La determinación, aunque contundente, era previsible. Durante las dos administraciones anteriores, la empresa fue manejada sin una estrategia clara de sostenibilidad, mercadeo y expansión comercial, lo que la condujo a una situación financiera irreversible. Bajo las gerencias de Jaime Mariño, en el gobierno de Marcela Amaya, y Diego Meyer, durante la administración de Juan Guillermo Zuluaga, la ULM perdió mercados estratégicos y redujo de manera significativa su capacidad de competir en el sector licorero.De acuerdo con fuentes cercanas a la entidad, nunca se implementaron planes sólidos de comercialización ni campañas de posicionamiento del aguardiente llanero. Plazas históricas como Bogotá, Yopal y San José del Guaviare fueron desatendidas, mientras se intentaron incursiones fallidas en ciudades como Medellín y algunos sectores del Caribe colombiano. En Villavicencio, su principal mercado natural, la situación fue aún más crítica: la competencia terminó ocupando el espacio que por años había sostenido la marca insignia del Meta.
El deterioro administrativo y financiero convirtió a la Unidad de Licores en una empresa inviable desde el punto de vista técnico y económico. Aunque la crisis se gestó en gobiernos anteriores, será la administración actual, liderada por Rafaela Cortés, la que asuma el impacto político de cerrar la entidad.
Uno de los efectos más sensibles de la liquidación será el impacto en el sector salud, históricamente beneficiado con los recursos transferidos por la venta de licores. La desaparición de estos ingresos agravará la situación financiera de hospitales y centros asistenciales del departamento.
La quiebra de la ULM también ocurrió en medio de cuestionamientos al control político ejercido por la Asamblea Departamental. Pese a advertencias internas y alertas de algunos medios de comunicación, los diputados del Meta no adelantaron acciones de vigilancia eficaces sobre la gestión de la entidad. Incluso, se ha señalado que varios de ellos recibieron beneficios asociados al producto insignia de la licorera.
A este panorama se suma la elección, a finales del año pasado, de Diego Meyer Artunduaga como contralor departamental, hecho que ha generado cuestionamientos sobre la independencia y legitimidad del control fiscal frente a la liquidación de la ULM.
La Unidad de Licores del Meta fue creada en 1960, generó empleo durante décadas y aportó recursos clave al sistema de salud. Su producto insignia, el Aguardiente Llanero, acompañó durante años celebraciones, festivales y eventos folclóricos en todo el país, consolidándose como uno de los más reconocidos del mercado nacional.
Con la liquidación, se oficializará en las próximas semanas la concesión para la elaboración del aguardiente llanero a una de las grandes empresas licoreras del país, con sede en ciudades como Medellín, Manizales, Cali o Bogotá.
En materia laboral, no más de diez trabajadores quedarán cesantes. Algunos cuentan con más de veinte o treinta años de servicio y están próximos a pensionarse; otros deberán ser reubicados en la administración departamental o en entidades descentralizadas.

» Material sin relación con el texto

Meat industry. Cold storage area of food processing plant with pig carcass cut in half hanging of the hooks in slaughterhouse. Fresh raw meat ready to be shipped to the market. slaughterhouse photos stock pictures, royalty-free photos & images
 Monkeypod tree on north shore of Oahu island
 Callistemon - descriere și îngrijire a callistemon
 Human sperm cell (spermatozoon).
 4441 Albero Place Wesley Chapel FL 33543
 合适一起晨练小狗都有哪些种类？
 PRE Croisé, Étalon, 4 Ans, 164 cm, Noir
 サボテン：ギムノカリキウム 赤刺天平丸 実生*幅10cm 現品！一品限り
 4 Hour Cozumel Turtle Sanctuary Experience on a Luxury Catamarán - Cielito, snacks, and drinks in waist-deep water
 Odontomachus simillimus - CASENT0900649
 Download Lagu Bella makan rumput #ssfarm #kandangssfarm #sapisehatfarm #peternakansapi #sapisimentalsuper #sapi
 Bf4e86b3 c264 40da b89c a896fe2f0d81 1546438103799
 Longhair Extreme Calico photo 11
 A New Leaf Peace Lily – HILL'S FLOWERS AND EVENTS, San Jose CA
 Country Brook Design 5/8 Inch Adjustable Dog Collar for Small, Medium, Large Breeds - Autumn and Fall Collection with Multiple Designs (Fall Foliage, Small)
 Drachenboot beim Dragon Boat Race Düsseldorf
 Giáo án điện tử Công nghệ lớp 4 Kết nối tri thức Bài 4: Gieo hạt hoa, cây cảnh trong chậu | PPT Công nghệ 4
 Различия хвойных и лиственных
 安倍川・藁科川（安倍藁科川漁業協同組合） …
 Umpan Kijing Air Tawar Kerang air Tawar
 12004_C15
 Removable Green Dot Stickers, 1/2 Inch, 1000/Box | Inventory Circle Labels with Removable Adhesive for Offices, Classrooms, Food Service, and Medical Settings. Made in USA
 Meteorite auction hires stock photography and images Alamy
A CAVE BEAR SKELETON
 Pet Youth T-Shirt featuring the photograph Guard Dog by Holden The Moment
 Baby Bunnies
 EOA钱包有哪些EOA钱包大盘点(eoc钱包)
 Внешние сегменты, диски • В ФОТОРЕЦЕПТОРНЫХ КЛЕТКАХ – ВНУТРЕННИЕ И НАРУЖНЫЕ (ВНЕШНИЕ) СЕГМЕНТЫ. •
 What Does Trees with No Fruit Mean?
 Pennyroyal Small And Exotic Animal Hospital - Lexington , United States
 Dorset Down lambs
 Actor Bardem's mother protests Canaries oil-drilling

Tras conocer la decisión, Luis Alfredo Arias Marcado presentó su renuncia irrevocable a la Unidad de Licores del Meta, la cual fue radicada ante la Secretaría Privada del Gobierno Departamental, delegada de la gobernadora y presidenta de la Junta Directiva de la entidad.
De manera transitoria, Willintong Ortiz, gerente de la Lotería del Meta, asumirá la dirección de la ULM y tendrá a su cargo la coordinación del proceso de liquidación.